Select the user or group from the list to assign the role to. Unassigned roles are identified by the
icon.
Click the
next to the role to assign it to the user or group.
Deleting security roles
To delete an existing security role:
In the Security section, select the Roles tab,
Select the role you want to delete.
Click the Delete button.
If the warning option is turned on, the Confirm delete dialog is displayed. Click Yes to delete or No to cancel.
If the role is associated with a user or group, another Confirm delete dialog is displayed indicating that the security role is use. Click Yes to delete or No to cancel.
To prevent NightWatchman from displaying the deletion warning dialog every time you delete a power scheme, power policy, tariff, security role or security account, check the Don't ask me again checkbox, located on the warning dialog itself.
Note
Before checking this box, make sure that you definitely do not want the deletion warning dialog to appear as deleting a NightWatchman Console Power Scheme cannot be undone.
Setting viewing and access options for group hierarchies
To set viewing and access options for group hierarchies:
In the Security section, select the Roles tab.
Define a security role with the View (but not the View All) permissions.

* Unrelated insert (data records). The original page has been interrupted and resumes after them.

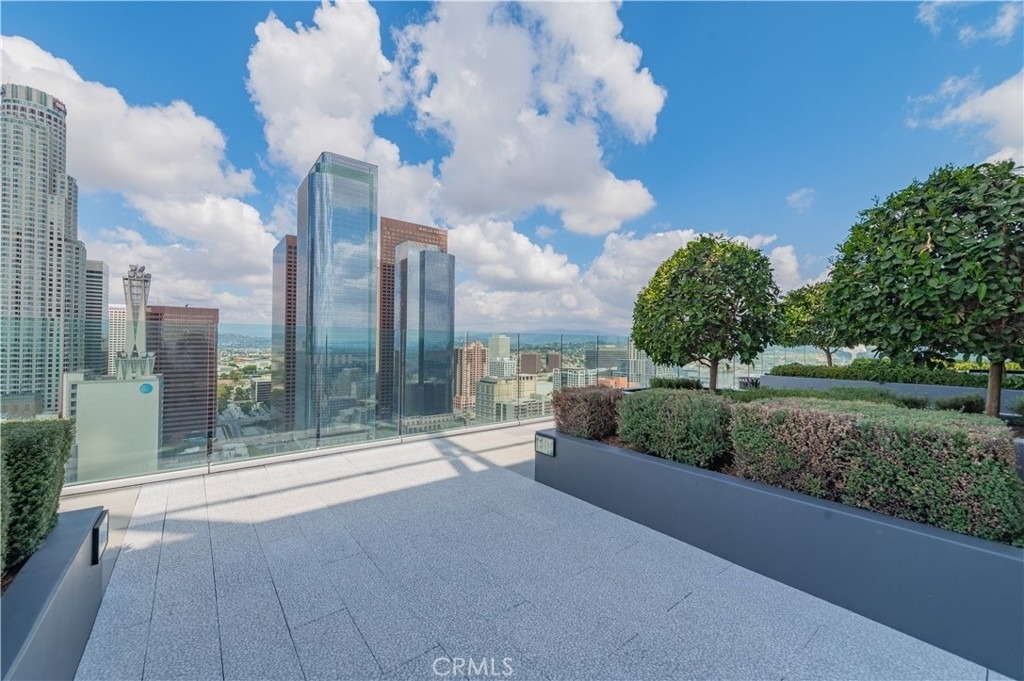 400 S Broadway S - Photo 47
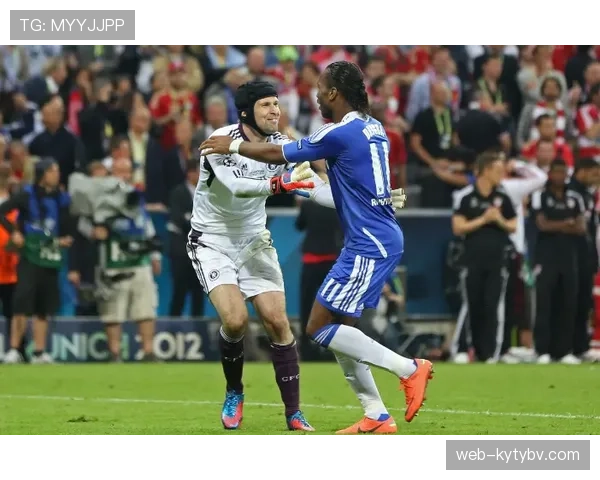 德罗巴高位抢断如何重塑锋线威胁：角色转型背后的战术价值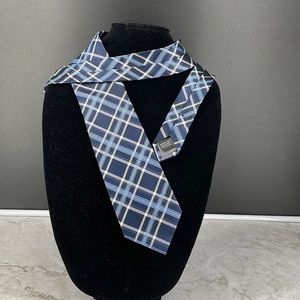 Jones New York Premium Necktie. Blue and Grey Geometric. 8cm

Select the Users and Groups tab.
Assign the security role to the user or group.
An administrator with Change Security permissions must set the security properties for the node in either the Location or Organization hierarchies in order of the user or group to view that it. To do this:
In the Clients section, right-click your mouse on the node.
Select Properties from the menu.
Click the Security tab in the Properties dialog.
Select the user or group from the list.